* Required action
Below are the records. Retype exactly the lines between the lines holding "Property building, Facade/entrance, Off site" and "Living room of", inclusive.

* Records for this exercise
'''

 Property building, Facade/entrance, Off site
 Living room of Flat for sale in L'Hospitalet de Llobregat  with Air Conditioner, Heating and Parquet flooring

'''
'''

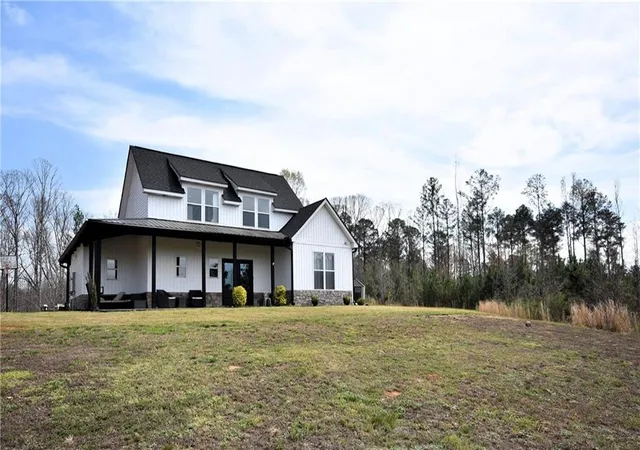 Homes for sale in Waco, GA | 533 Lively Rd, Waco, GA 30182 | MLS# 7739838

'''

* Solution for this task
 Property building, Facade/entrance, Off site
 Living room of Flat for sale in L'Hospitalet de Llobregat  with Air Conditioner, Heating and Parquet flooring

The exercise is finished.